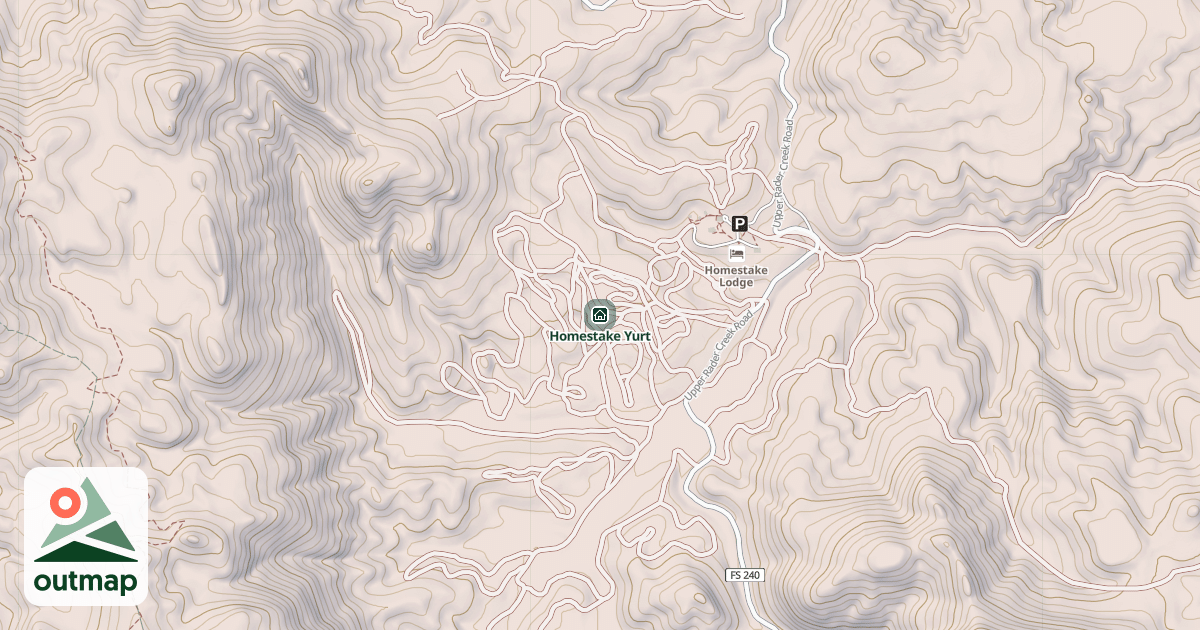 Map of Homestake Yurt
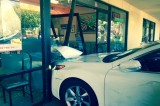 Car crashes into occupied restaurant: Ventura Fire Dept. Extricate solitary occupant
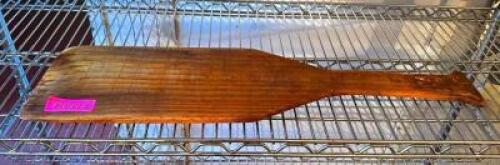 DESCRIPTION: WOODEN MIXING PADDLE SIZE: 28" QTY: 1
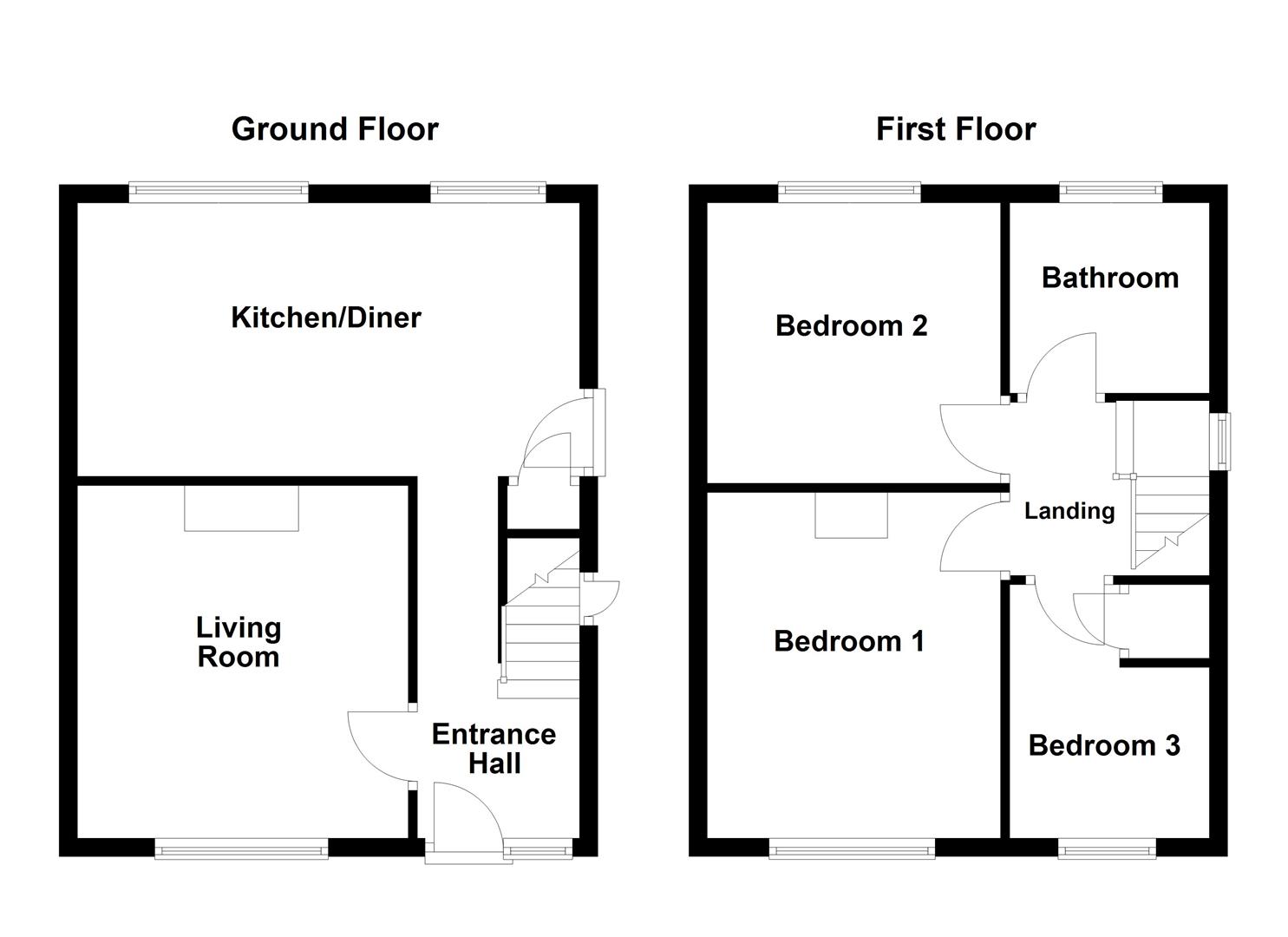 14, The Close, Wakefield floorplan
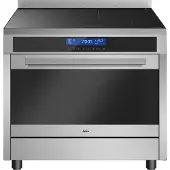 Amica ACIS2115S - Inductie fornuis 90cm - Heteluchtoven 108 L - Katalyse - 1-2-3 fase - Boosters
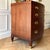 Vintage White Fine Furniture Bow Front Bachelor Chest | Dresser | Federal Style For Sale In Raleigh - Image 6 of 11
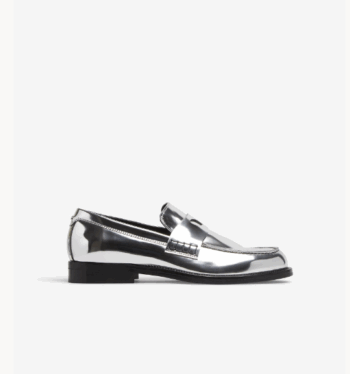 GCDS SILVER WIRDO MIRROR LOAFERS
_ _ _ _
What the task asks: From the line that contains "DESCRIPTION: WOODEN MIXING" down to the final line of the entries above, please copy each line exactly, excluding pictures.

Answer below:
 DESCRIPTION: WOODEN MIXING PADDLE SIZE: 28" QTY: 1
 14, The Close, Wakefield floorplan
 Amica ACIS2115S - Inductie fornuis 90cm - Heteluchtoven 108 L - Katalyse - 1-2-3 fase - Boosters
 Vintage White Fine Furniture Bow Front Bachelor Chest | Dresser | Federal Style For Sale In Raleigh - Image 6 of 11
 GCDS SILVER WIRDO MIRROR LOAFERS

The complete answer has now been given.